Shibori in Kyoto

August 7, 2009

I start off by quoting Hiroko Ando about shibori in Kyoto and Nagoya, at least as it was in 1993 when he was writing:
“Nowadays, Kyoto and Nagoya are the only cities where shibori is produced. As the dyeing process requires much time and energy,
successors to this labor-intensive tradition have dwindled. In the past, these production centres depended on the handing down of
traditional techniques, reviving lost methods, and restoration work. In order for this tradition to continue and develop, great efforts
are needed.”
Ando makes a distinction between use of silk in Kyoto and indigo-dyed cotton in other areas, especially from the Edo Period onwards.
Ando also structures his book with chapters devoted to shibori from Tohoku, Nagoya, Kyoto, Kyushu and Okinawa and his examples include dyeing with gromwell and madder as well as indigo. I think it’s very important for me to reiterate the cotton/silk dichotomy in terms of Arimatsu/Nagoya and Kyoto, especially if you’re familiar with the recently-released Wada DVD on Arimatsu shibori: cotton at Arimatsu, silk in Kyoto.

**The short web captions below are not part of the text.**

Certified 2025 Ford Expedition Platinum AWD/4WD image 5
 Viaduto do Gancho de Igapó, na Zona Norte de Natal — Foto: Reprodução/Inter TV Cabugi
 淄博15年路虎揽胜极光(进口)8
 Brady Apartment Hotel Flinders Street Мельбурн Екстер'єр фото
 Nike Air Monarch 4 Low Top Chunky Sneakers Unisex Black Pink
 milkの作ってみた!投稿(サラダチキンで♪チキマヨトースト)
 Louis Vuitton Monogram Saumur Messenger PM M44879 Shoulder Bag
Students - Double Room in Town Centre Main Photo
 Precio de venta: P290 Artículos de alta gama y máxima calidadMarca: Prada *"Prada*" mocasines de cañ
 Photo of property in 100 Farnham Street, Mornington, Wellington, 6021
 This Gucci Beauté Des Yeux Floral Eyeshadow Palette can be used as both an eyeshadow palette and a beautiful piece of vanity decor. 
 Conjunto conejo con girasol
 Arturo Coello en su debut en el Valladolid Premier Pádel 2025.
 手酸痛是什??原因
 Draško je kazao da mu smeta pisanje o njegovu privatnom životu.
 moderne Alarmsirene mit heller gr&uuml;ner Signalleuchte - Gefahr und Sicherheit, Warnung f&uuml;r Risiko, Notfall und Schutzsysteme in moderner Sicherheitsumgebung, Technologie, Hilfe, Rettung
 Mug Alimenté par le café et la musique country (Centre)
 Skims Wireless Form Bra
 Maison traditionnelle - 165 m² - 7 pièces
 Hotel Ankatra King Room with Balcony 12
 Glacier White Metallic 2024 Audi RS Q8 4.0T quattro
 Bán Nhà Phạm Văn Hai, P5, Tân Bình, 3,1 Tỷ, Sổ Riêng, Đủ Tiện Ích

FUREAI-KAN – permanent exhibition
I’ve mentioned previously how this museum is just about my favourite in Kyoto – I guess because it’s modern and new, and has a lot of detailed information in English on traditional textiles, and because the staff are very helpful and it’s not over-run by tourists. It is an ideal place of sit and meditate (in an otherwise hectic city!), especially by the waterfall which is part of the building’s architecture.

The Fureai-kan Museum has large areas devoted to yuzen and shibori, and smaller areas devoted to loom weaving, braids and other textile arts specific to Kyoto. The loop video associated with the shibori display describes the following kyo-kanoko-shibori(1) (“fawn-dot shibori from Kyoto”) processes:
Shitaechookoku(2) (punching lines of holes in the paper stencils with a metal punch)
– shitaesurikomi (with holes punched in the paper stencil, the stencil is then laid over the silk and dye is applied with big round
short-bristled brushes)
hitta-shibori (tying the tiny kanoko knots, finishing each with a sharp `clicking’ to secure them with a final knot)
oke-shibori (tapping nails into the fabric to secure it as part of the dyebath process and assembling the wooden dye “reels” whereby
the undyed part of the fabric is secured in between the wooden halves of the massive reel structure which is immersed in the
dyebath; this use of large wooden structures to leave large sections of the background undyed, or dyed another colour, becomes obvious
when one sees the finished kimono; the wood absorbs the surrounding water while the linen ropes repel it, causing the linen to tighten
around the wood)
boushi-shibori (linework with tight single threads)

FUREAI-KAN – temporary exhibition
The foyer of the Fureai-kan has three very large glazed exhibition areas. In October 2003, they exhibited Kyoto dolls; to October 11,
2007 they exhibited kyo-kanoko-shibori. There were several complete kimono on show. These kimono were surrounded by several dozen large framed samples, set in mattboards like paintings or prints: a very large finished piece of shibori set above a smaller pre-dyed piece showing the knotting in place. No photography allowed.

NISHIJIN TEXTILE CENTRE
At Nishijin Textile Centre, a demonstrating craftsman sat cross-legged on tatami punching holes in white paper (the shitaechookoku
mentioned above). My photos, taken while the craftsmen was away at lunch, show the paper kata, the mallet and punch and
the knotted fabric ready for dyeing. Regarding stiff white paper vs persimmon tannin-dyed brown paper as used for the cartoons, note that Ando has a photo of both being prepared for the knotter.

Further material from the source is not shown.